Title: Blue Lock Vol. 2
Author: Muneyuki Kaneshiro, Yusuke Nomura
Release Date: April 20, 2021
Publisher: Kodansha Comics
The competition finally starts for real in Blue Lock Vol. 2. After the first volume set up the story and its unforgiving tone, it’s time for Team Z to participate in a round-robin tournament. As the lowest of the lower-rank players, they’ll have to figure out a way to win.
As everyone in the Blue Lock project is a striker, this makes for an unbalanced team. Everyone wants to shine as the center forward who carries the team, as expected from an “ego developing project.” And having a rule that outright states the loser teams’ top scores get to stay certainly doesn’t alleviate their animosities.
The result is a pathetic display of team play that actively undermines everyone’s skills at first. When everyone’s trying to get the ball for themselves, it’s necessary to find some way to make a difference in the field. Any group that fails at this will face elimination.

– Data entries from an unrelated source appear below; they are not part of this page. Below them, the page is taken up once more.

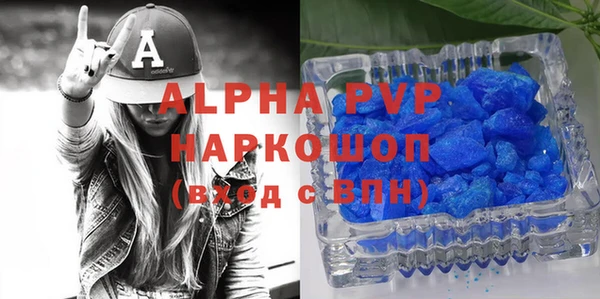 дживик Навашино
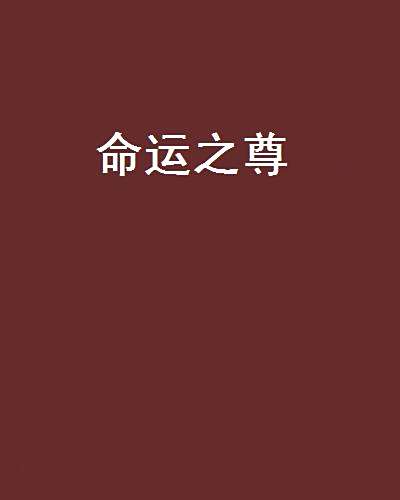 命運之尊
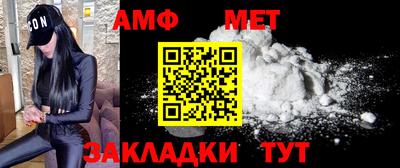 каннабис Изобильный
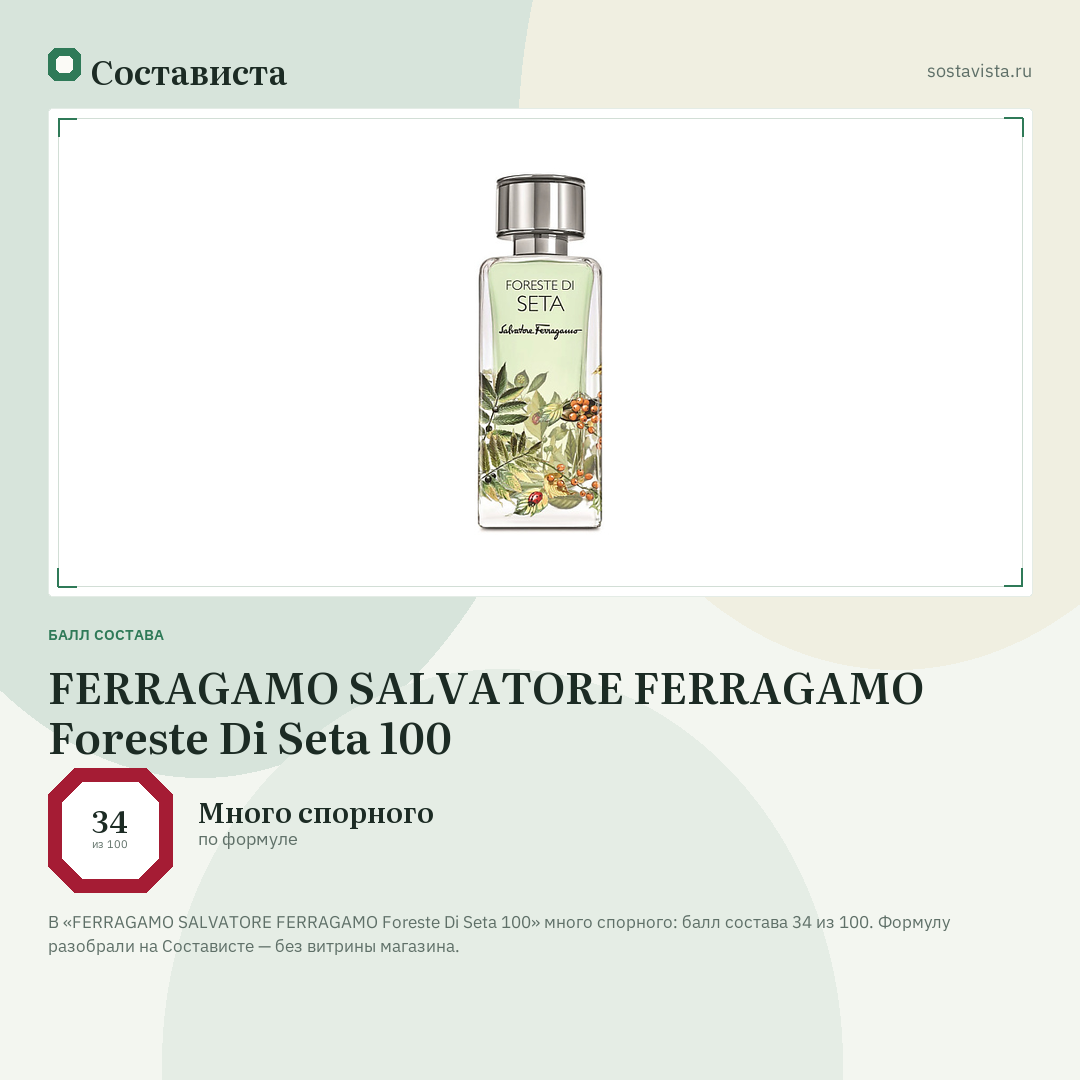 FERRAGAMO SALVATORE FERRAGAMO Foreste Di Seta 100: балл состава 34 из 100 — Состависта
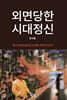 외면당한 시대정신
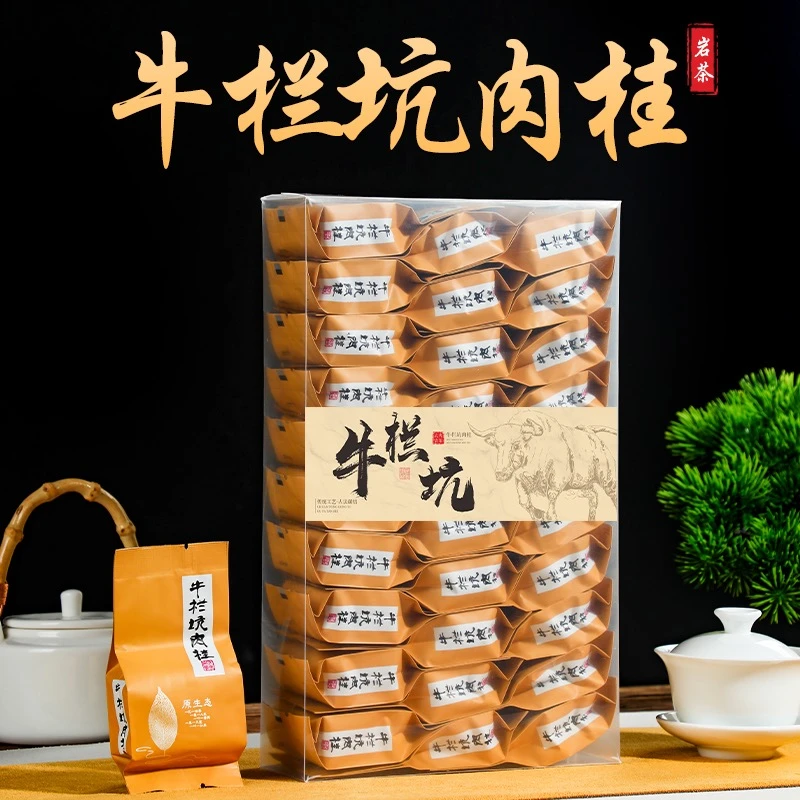 武夷山岩茶肉桂茶大红袍新茶浓香型口粮茶工作茶送礼乌龙茶花香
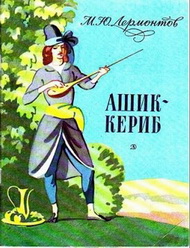 Достойно вашего внимания!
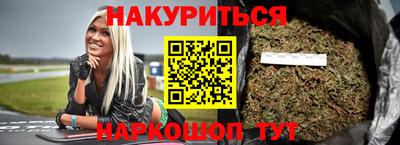 гидра Берёзовский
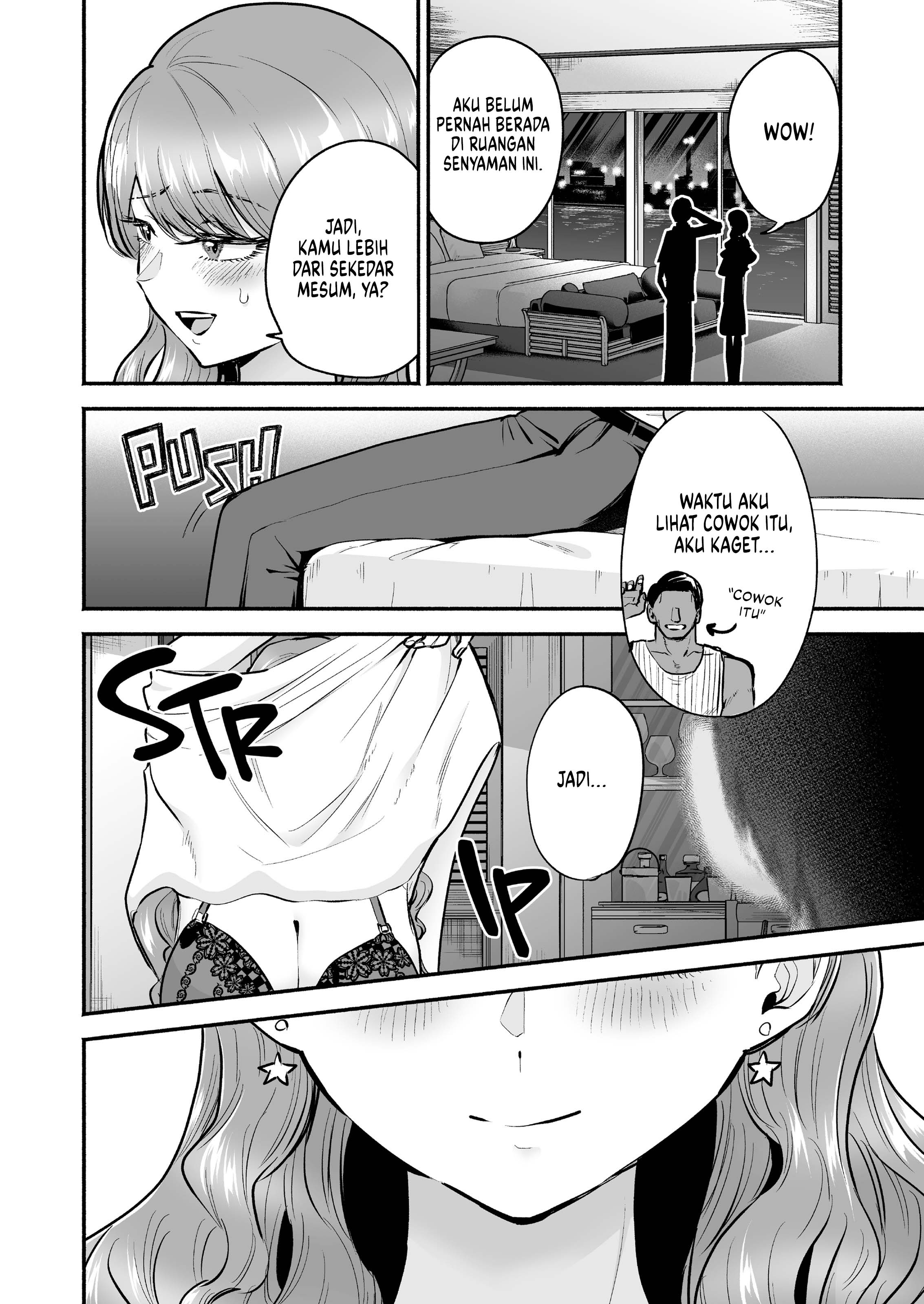 Ex-Classmate Call Girl - Chapter 2 26 Ex-Classmate Call Girl - Chapter 2 26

With a tone similar to a survival game, the story keeps its high tension from start to finish. It’s an interesting way to develop its premise of the impact of individual effort and having a star on the field. The manga itself has a very cynical and edgy outlook on its subject, making it feel different from its counterparts.
The protagonist, Isagi, has a unique duality revolving around teamwork mentality and wishing to break through and score himself. He has that hunger to motivate him as a striker, to the point he can even be scary by feeling good when he defeats others. One of the best points of the volume is seeing him struggle to figure out what could be his “weapon” against the other teams.
Besides Isagi, other Team Z players also get to show their personalities off a little more. While Bachira continues to be the closest ally to the protagonist, this volume lets the reader see the style of the others, such as Kunigami, Kuon, and Gagamaru.
Though the series is trying to set itself apart by ignoring usual friendship themes, playing together still means those characters develop a sense of partnership. It’s just more subtle and a little more business-like, a collaboration needed to survive.
The illustrations by Yusuke Nomura continue to be impressive. There are two matches in the volume, and both feature multiple dynamic scenes. I particularly like the moments that focus on the characters’ eyes while deforming their faces slightly to give them extra emotional impact. Despite that, it still manages to keep consistency, clarity, and beautiful form.
Blue Lock Vol. 2 continues its strong sense of tension that hinges on a death game atmosphere. Forced to play as a team, the group of strikers has to figure out a way to grow and survive. Otherwise, they’ll continue being nobodies. It’s an exciting soccer story, and I can’t wait to see how things will play out in the next matches.